(Source data begins)
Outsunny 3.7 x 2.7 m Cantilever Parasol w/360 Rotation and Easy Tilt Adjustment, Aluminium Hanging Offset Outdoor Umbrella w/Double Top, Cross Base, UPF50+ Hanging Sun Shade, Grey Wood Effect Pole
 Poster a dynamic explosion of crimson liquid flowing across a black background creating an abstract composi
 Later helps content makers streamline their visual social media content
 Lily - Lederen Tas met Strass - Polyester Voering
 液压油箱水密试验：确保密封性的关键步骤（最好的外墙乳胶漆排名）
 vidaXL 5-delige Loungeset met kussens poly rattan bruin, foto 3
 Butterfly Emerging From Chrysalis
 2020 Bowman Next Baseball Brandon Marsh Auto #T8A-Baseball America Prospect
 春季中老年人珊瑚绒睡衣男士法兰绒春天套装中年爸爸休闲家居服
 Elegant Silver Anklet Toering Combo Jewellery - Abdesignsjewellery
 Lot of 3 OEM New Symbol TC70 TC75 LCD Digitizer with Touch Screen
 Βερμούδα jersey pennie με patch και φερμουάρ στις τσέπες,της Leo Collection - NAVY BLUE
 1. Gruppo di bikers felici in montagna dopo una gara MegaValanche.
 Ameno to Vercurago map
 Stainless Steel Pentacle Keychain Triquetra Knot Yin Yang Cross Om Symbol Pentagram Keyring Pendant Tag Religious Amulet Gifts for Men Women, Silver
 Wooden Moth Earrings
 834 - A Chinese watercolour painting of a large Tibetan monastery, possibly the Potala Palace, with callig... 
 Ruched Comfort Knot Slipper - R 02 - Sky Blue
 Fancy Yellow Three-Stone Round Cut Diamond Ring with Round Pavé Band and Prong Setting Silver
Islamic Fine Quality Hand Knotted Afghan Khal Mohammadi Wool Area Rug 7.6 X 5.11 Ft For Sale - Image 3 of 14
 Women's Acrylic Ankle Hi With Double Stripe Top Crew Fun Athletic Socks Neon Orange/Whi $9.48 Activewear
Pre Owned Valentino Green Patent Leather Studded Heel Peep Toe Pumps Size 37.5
(Source data ends)
- [Exercise objective] Copy every entry exactly as it is given.

- [Problem solution]
Outsunny 3.7 x 2.7 m Cantilever Parasol w/360 Rotation and Easy Tilt Adjustment, Aluminium Hanging Offset Outdoor Umbrella w/Double Top, Cross Base, UPF50+ Hanging Sun Shade, Grey Wood Effect Pole
 Poster a dynamic explosion of crimson liquid flowing across a black background creating an abstract composi
 Later helps content makers streamline their visual social media content
 Lily - Lederen Tas met Strass - Polyester Voering
 液压油箱水密试验：确保密封性的关键步骤（最好的外墙乳胶漆排名）
 vidaXL 5-delige Loungeset met kussens poly rattan bruin, foto 3
 Butterfly Emerging From Chrysalis
 2020 Bowman Next Baseball Brandon Marsh Auto #T8A-Baseball America Prospect
 春季中老年人珊瑚绒睡衣男士法兰绒春天套装中年爸爸休闲家居服
 Elegant Silver Anklet Toering Combo Jewellery - Abdesignsjewellery
 Lot of 3 OEM New Symbol TC70 TC75 LCD Digitizer with Touch Screen
 Βερμούδα jersey pennie με patch και φερμουάρ στις τσέπες,της Leo Collection - NAVY BLUE
 1. Gruppo di bikers felici in montagna dopo una gara MegaValanche.
 Ameno to Vercurago map
 Stainless Steel Pentacle Keychain Triquetra Knot Yin Yang Cross Om Symbol Pentagram Keyring Pendant Tag Religious Amulet Gifts for Men Women, Silver
 Wooden Moth Earrings
 834 - A Chinese watercolour painting of a large Tibetan monastery, possibly the Potala Palace, with callig... 
 Ruched Comfort Knot Slipper - R 02 - Sky Blue
 Fancy Yellow Three-Stone Round Cut Diamond Ring with Round Pavé Band and Prong Setting Silver
Islamic Fine Quality Hand Knotted Afghan Khal Mohammadi Wool Area Rug 7.6 X 5.11 Ft For Sale - Image 3 of 14
 Women's Acrylic Ankle Hi With Double Stripe Top Crew Fun Athletic Socks Neon Orange/Whi $9.48 Activewear
Pre Owned Valentino Green Patent Leather Studded Heel Peep Toe Pumps Size 37.5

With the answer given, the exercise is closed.